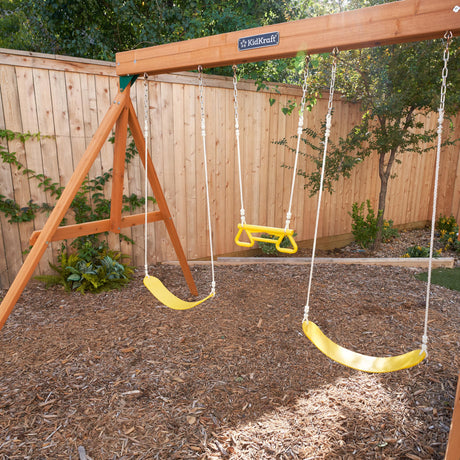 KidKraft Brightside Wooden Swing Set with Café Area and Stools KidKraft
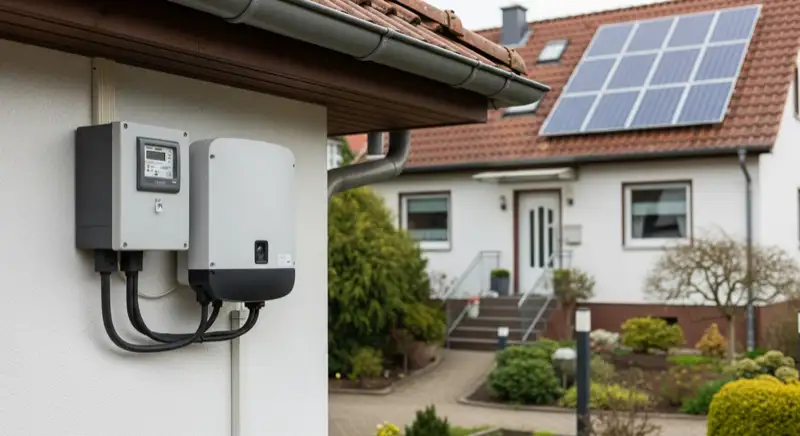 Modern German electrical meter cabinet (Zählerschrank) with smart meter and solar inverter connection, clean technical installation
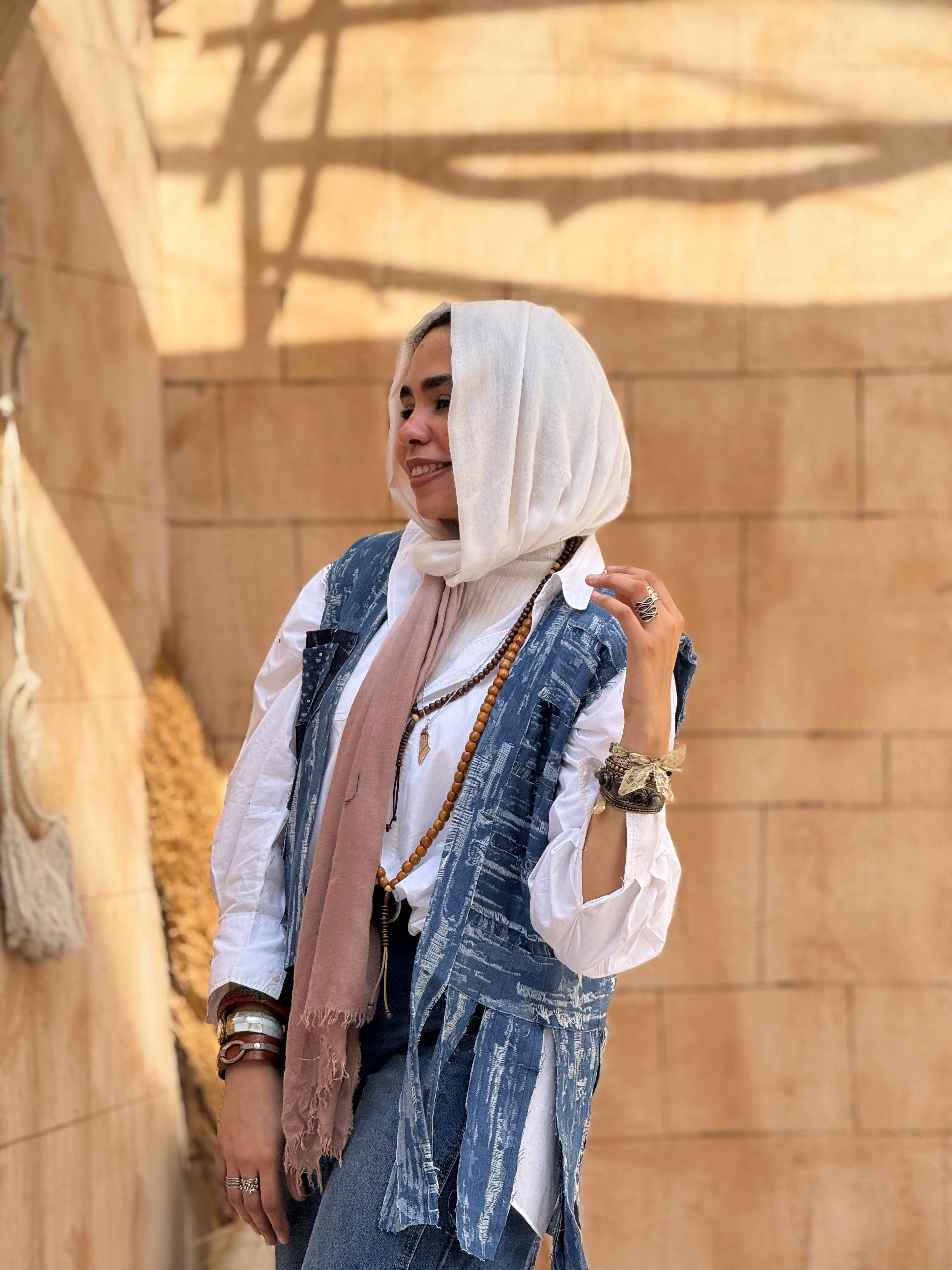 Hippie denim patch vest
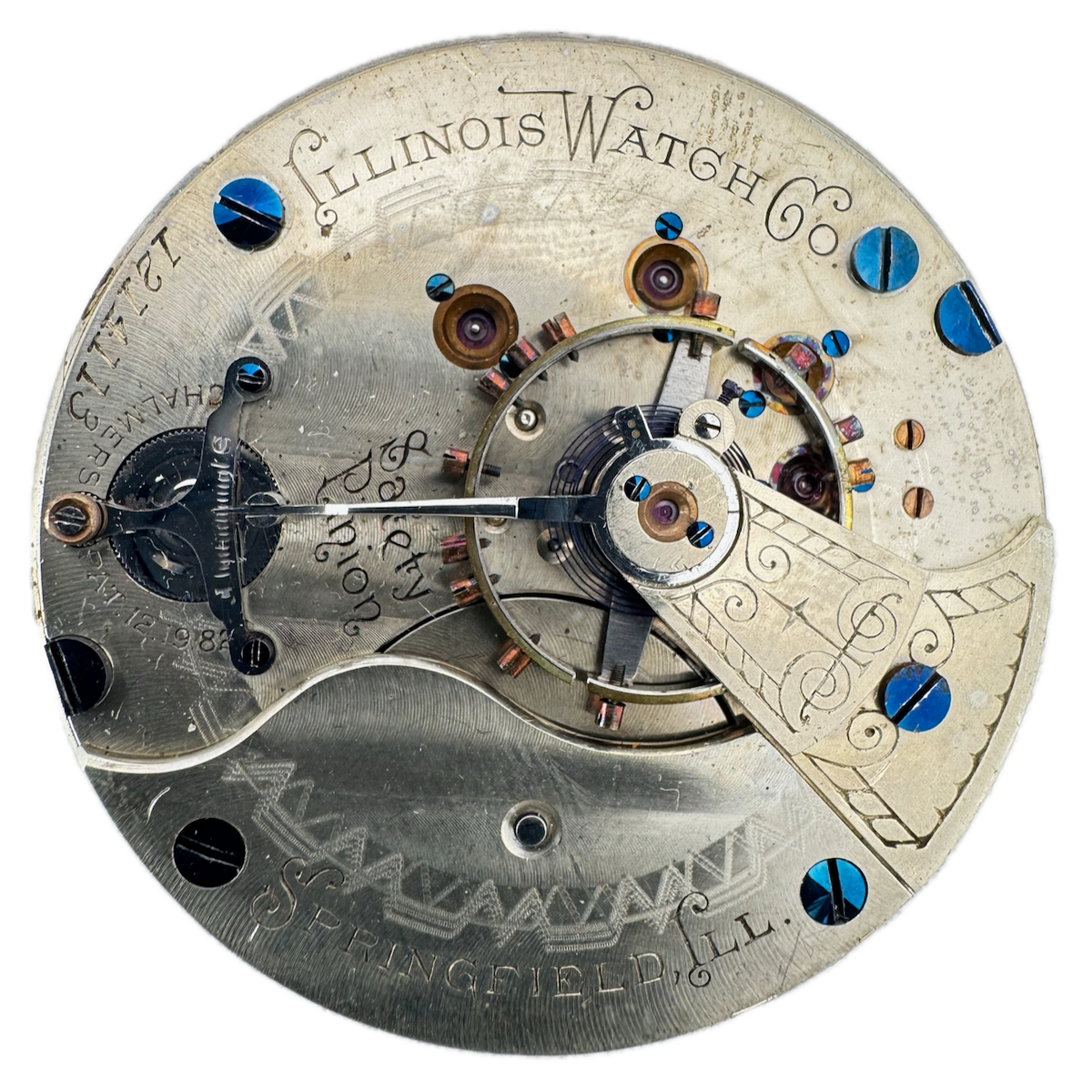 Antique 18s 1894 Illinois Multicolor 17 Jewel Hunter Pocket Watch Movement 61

Description of the task -> Print the full listing again exactly, and drop every image from it.

Reply ->
 KidKraft Brightside Wooden Swing Set with Café Area and Stools KidKraft
 Modern German electrical meter cabinet (Zählerschrank) with smart meter and solar inverter connection, clean technical installation
 Hippie denim patch vest
 Antique 18s 1894 Illinois Multicolor 17 Jewel Hunter Pocket Watch Movement 61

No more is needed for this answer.